Activity ▸ Below, some lines carry pictures; leave those pictures out and retype exactly the lines from the one with "Figure 3 : Les" through the one with "TJ^̃^l ͂ǂubR[ sNZ".

Input for this task ▸
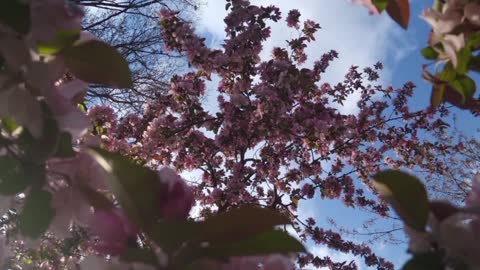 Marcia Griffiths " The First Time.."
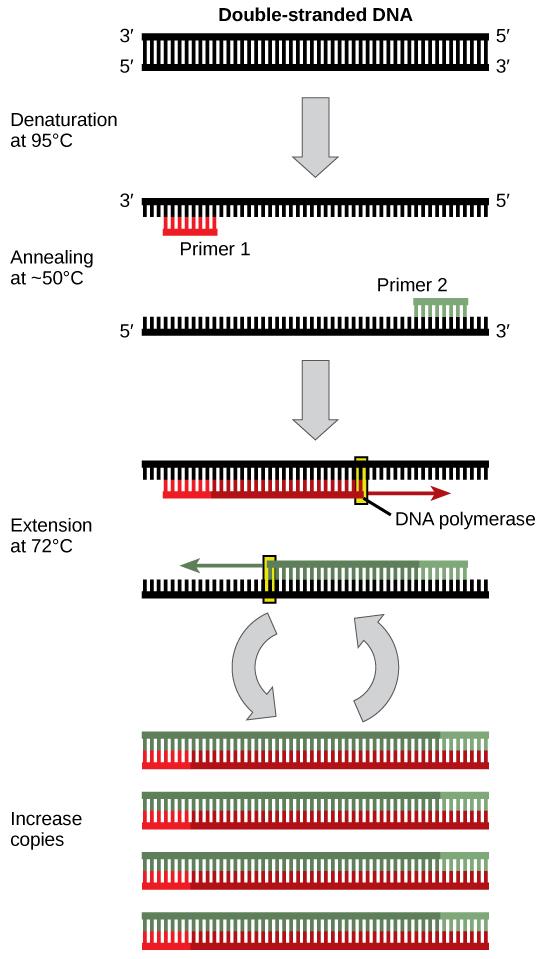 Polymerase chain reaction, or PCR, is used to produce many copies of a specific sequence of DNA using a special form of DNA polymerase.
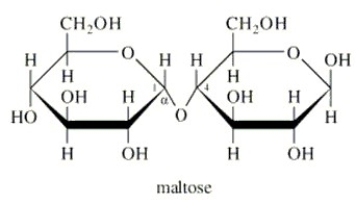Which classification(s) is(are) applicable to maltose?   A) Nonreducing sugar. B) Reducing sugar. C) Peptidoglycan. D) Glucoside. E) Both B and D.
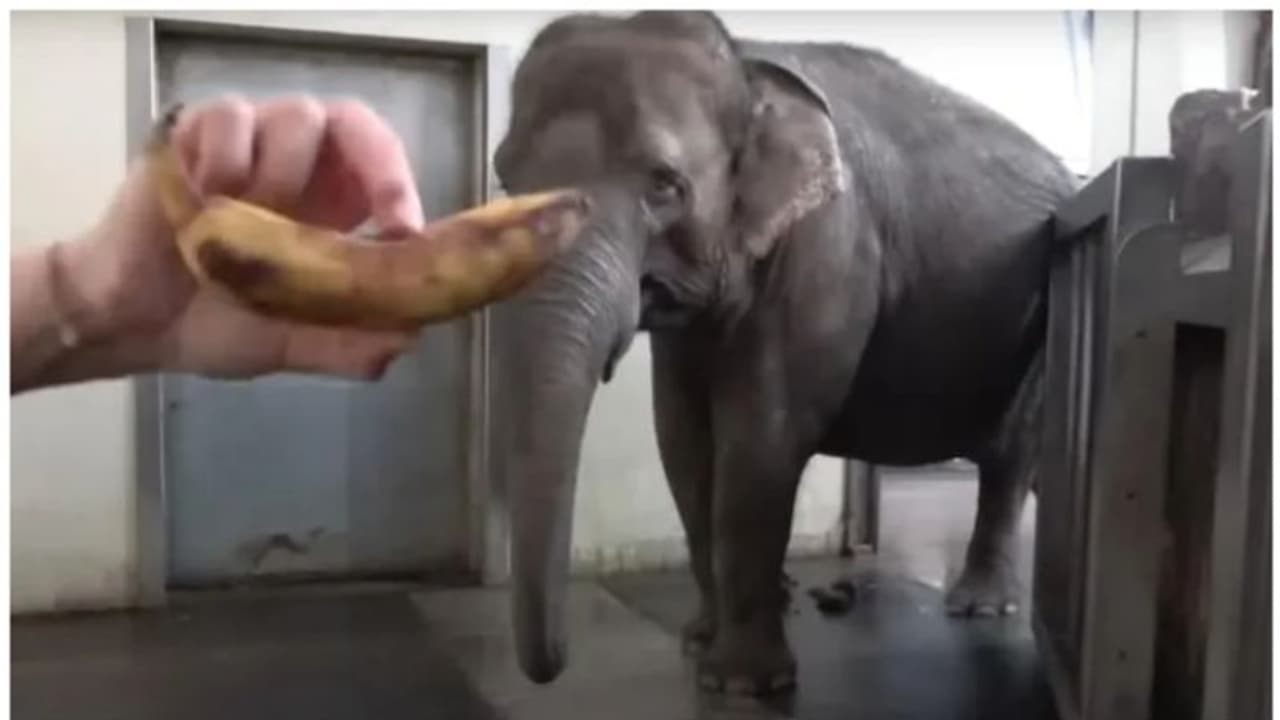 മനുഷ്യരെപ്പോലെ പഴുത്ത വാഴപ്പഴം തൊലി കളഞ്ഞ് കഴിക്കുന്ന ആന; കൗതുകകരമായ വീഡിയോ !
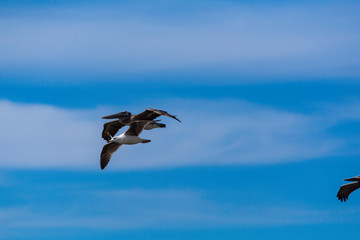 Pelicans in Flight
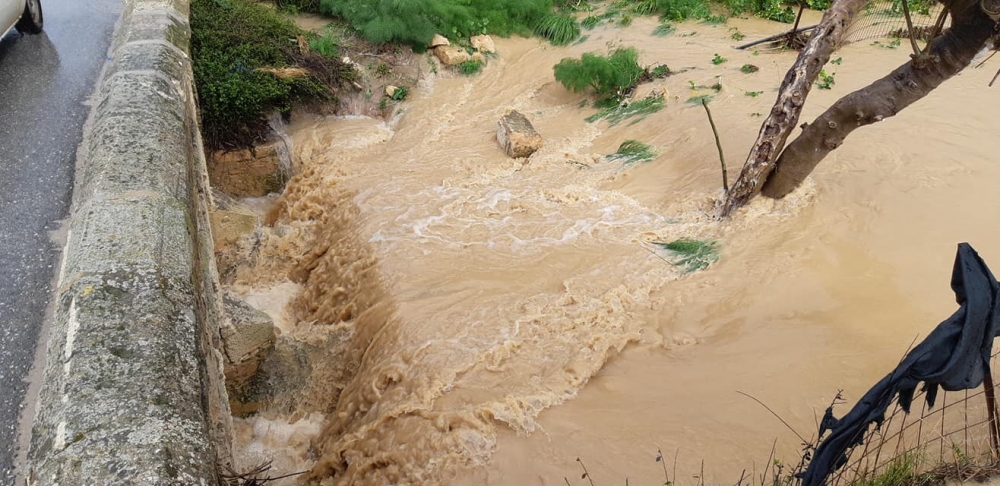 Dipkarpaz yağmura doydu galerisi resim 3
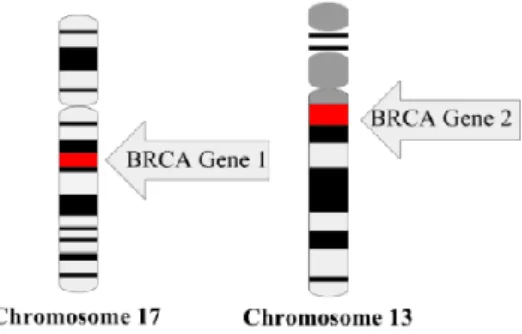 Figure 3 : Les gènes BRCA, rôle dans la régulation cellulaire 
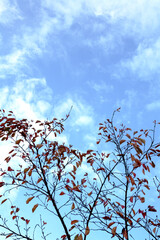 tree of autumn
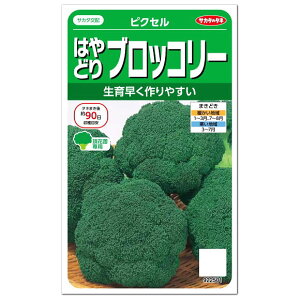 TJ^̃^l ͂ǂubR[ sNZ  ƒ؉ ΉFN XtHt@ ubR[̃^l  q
---
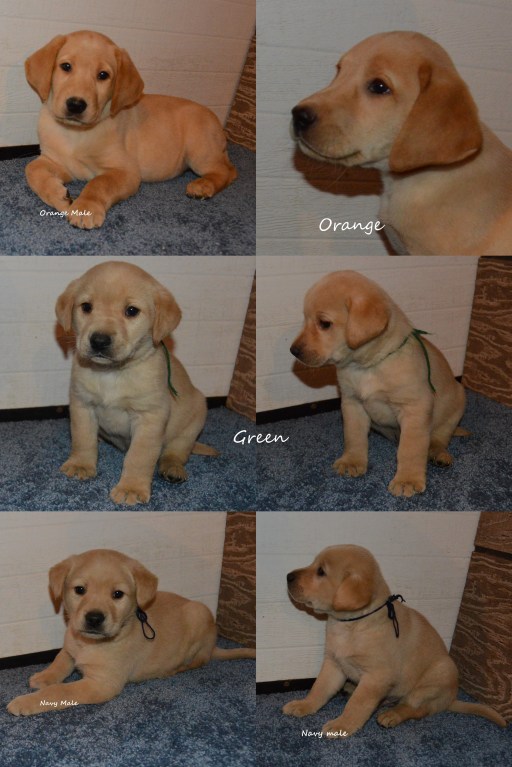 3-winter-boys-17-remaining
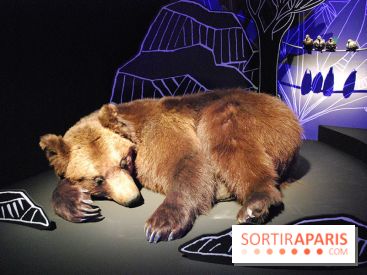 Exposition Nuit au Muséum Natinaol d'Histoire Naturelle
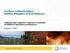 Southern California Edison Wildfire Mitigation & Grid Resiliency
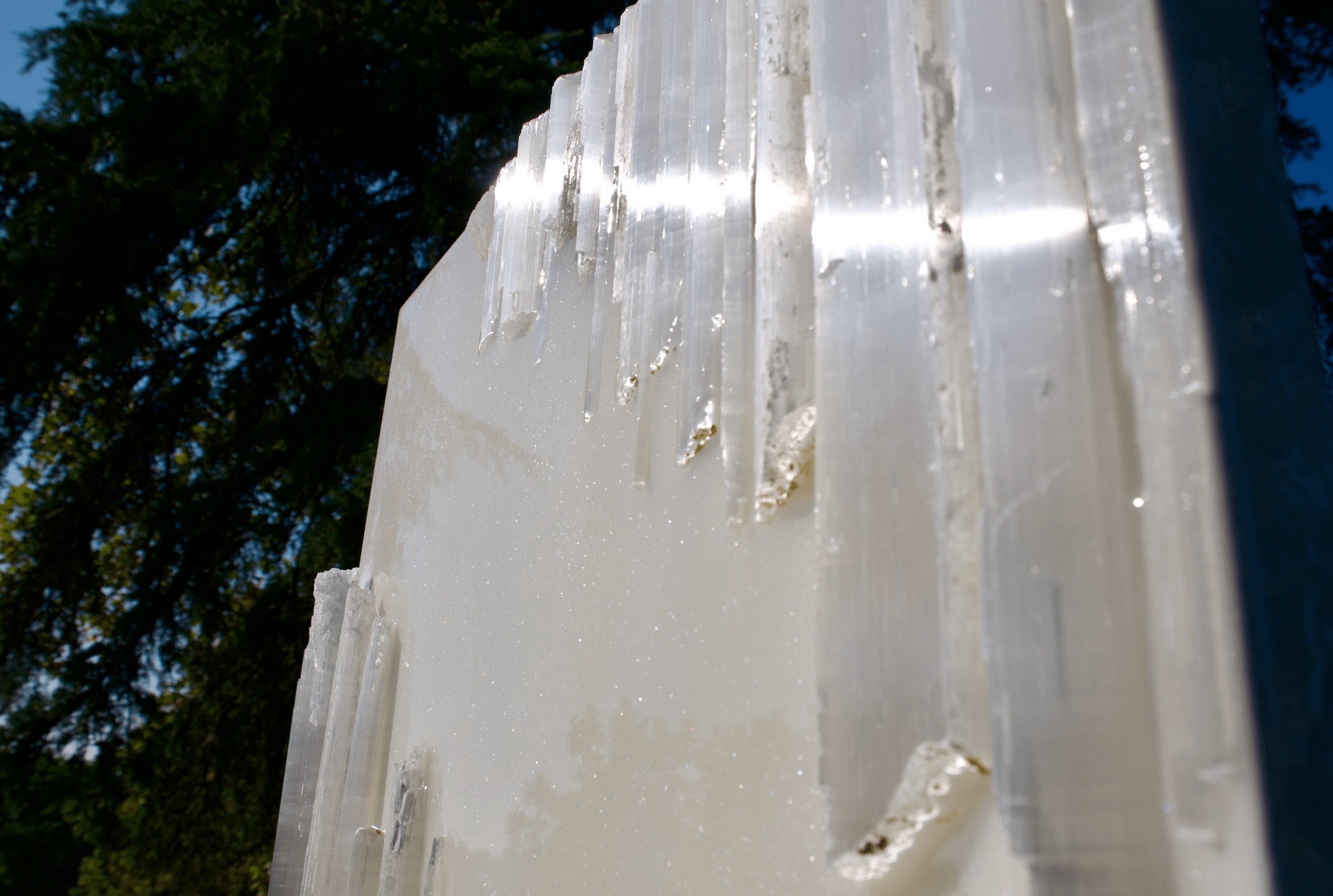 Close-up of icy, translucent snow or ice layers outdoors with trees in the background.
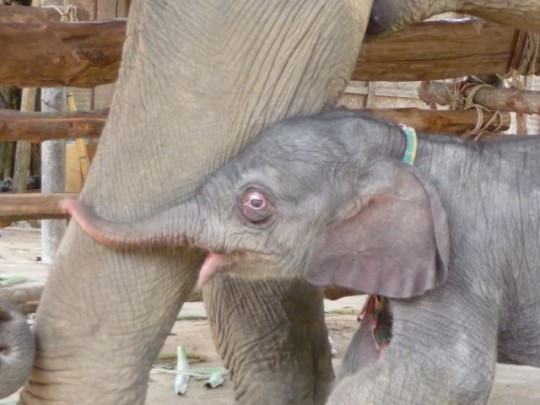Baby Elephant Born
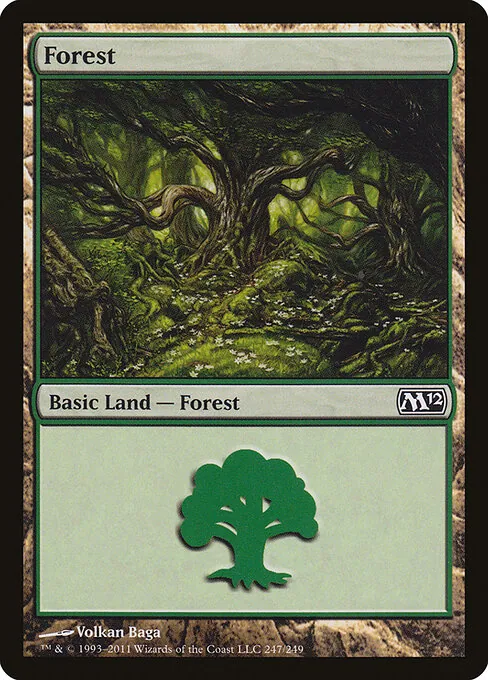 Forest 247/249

Answer box ▸
 Figure 3 : Les gènes BRCA, rôle dans la régulation cellulaire 
 tree of autumn
 TJ^̃^l ͂ǂubR[ sNZ  ƒ؉ ΉFN XtHt@ ubR[̃^l  q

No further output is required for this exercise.